◆ **Assigned task**
The response must consist of the lines below from the one with "Traueranzeige für Hans-Christian" through the one with "Compression Packing Cubes", exactly as they appear and with both ends kept.

Stored dataset items
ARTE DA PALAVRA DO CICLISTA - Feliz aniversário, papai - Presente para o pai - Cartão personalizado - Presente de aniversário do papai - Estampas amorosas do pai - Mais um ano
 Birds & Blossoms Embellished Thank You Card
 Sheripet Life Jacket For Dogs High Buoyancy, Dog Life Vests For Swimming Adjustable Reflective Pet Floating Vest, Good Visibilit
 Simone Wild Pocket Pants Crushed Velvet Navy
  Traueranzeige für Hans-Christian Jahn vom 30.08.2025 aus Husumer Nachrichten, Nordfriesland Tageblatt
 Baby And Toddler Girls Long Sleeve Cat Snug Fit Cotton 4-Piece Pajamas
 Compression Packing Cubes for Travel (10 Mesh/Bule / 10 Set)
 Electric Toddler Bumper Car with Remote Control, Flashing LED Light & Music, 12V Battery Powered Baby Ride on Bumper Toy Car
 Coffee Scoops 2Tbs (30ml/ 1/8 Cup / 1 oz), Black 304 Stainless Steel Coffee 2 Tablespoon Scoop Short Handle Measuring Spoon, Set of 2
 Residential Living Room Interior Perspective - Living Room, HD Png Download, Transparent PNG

◆ **Your solution**
  Traueranzeige für Hans-Christian Jahn vom 30.08.2025 aus Husumer Nachrichten, Nordfriesland Tageblatt
 Baby And Toddler Girls Long Sleeve Cat Snug Fit Cotton 4-Piece Pajamas
 Compression Packing Cubes for Travel (10 Mesh/Bule / 10 Set)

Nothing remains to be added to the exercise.